In France, as likewise in England, there are hardly any dated bookplates at this period. Mr. Walter Hamilton, in writing of French ex libris before 1650, refers to three in different sizes, all engraved for Jean Bigot, Sieur de Sommesnil; and somewhat later, another set differing from the former, and with the owner’s name engraved as Johannes Bigot. After that we read of three bookplates engraved for the son, L. E. Bigot. In this connection the late Mr. Walter Hamilton is drawn on to give particulars of a family of ardent book collectors, thus incidentally illustrating very happily how the possession of one dirty scrap of paper—an old ex libris—may lead on from one fascinating inquiry to another.

A fine characteristic German ecclesiastical ex libris of 1624 is the plate given—page 330, George Bell and Sons—of Otto Gereon von Gutmann, Doctor of Theology, Electoral Councillor, and Suffragan Bishop of Cologne.

A very fine armorial plate, of which we do not know the designer, the engraver, nor the date, is that of Alexandre Petau. His father, Paul Petau, Conseiller au Parlement de Paris, died in 1613, bequeathing to his son a fine library of manuscripts and printed books.

A bookplate in two sizes, engraved for Claude Sarrau, Councillor to the Parliament of Paris. He died in 1651, and his son Isaac, in 1654, edited his father’s correspondence with the learned of his time. The larger Sarrau plate, and probably the smaller as well, were engraved by Isaac Briot, who was born in 1585, and died in Paris in 1670.

Reaching the seventeenth century, we find German ex libris multiplying greatly, but not improving in design.

Armorial bookplates still predominate, but the shield is often in one way or another surrounded by wreaths of leaves and flowers.
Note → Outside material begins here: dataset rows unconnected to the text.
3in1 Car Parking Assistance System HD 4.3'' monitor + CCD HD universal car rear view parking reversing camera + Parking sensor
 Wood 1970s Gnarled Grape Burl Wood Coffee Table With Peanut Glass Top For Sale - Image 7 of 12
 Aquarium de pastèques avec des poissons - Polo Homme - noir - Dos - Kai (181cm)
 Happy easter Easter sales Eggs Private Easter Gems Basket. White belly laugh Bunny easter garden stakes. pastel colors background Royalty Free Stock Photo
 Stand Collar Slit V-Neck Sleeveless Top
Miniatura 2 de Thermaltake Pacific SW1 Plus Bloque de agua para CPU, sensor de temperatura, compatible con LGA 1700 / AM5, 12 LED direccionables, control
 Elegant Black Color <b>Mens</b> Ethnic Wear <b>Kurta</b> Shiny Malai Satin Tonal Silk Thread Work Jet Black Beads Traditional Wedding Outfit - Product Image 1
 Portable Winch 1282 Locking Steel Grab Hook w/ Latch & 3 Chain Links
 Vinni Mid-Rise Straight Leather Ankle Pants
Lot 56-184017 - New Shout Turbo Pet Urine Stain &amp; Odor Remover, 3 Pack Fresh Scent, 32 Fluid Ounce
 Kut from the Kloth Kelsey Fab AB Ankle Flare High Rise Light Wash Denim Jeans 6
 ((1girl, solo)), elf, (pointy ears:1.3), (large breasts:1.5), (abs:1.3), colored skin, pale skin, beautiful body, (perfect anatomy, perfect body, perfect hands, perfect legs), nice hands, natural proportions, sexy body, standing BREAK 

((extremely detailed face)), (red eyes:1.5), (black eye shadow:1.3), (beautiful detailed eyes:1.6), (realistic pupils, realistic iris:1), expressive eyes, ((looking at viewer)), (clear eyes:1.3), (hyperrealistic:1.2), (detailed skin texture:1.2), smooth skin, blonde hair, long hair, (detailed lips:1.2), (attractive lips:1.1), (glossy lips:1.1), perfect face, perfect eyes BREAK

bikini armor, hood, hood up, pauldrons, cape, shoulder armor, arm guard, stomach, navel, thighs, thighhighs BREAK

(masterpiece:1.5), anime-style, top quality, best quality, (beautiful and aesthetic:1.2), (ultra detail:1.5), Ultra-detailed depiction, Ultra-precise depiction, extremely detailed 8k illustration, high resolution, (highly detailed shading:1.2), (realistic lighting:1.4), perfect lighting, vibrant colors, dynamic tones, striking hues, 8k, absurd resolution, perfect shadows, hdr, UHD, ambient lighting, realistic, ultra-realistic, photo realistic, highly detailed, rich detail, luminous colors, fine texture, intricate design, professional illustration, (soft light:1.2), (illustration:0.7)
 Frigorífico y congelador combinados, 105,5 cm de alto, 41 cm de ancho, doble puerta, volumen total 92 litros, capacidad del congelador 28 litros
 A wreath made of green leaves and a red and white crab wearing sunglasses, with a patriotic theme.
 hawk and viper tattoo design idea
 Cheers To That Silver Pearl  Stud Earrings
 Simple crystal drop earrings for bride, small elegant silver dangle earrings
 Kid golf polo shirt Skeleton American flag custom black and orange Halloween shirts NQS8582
It can hardly be insisted on too clearly that there is nothing mysterious, though much that is interesting, about the varying modes and manners of ex libris. They, in fact, represented the art, customs, learning, and taste of successive ages.

Thus turn to Johann Sibmacher’s WappenbÜchlein, published in 1596, and you will find plenty of illustrations of these wreaths, though with no reference to bookplates.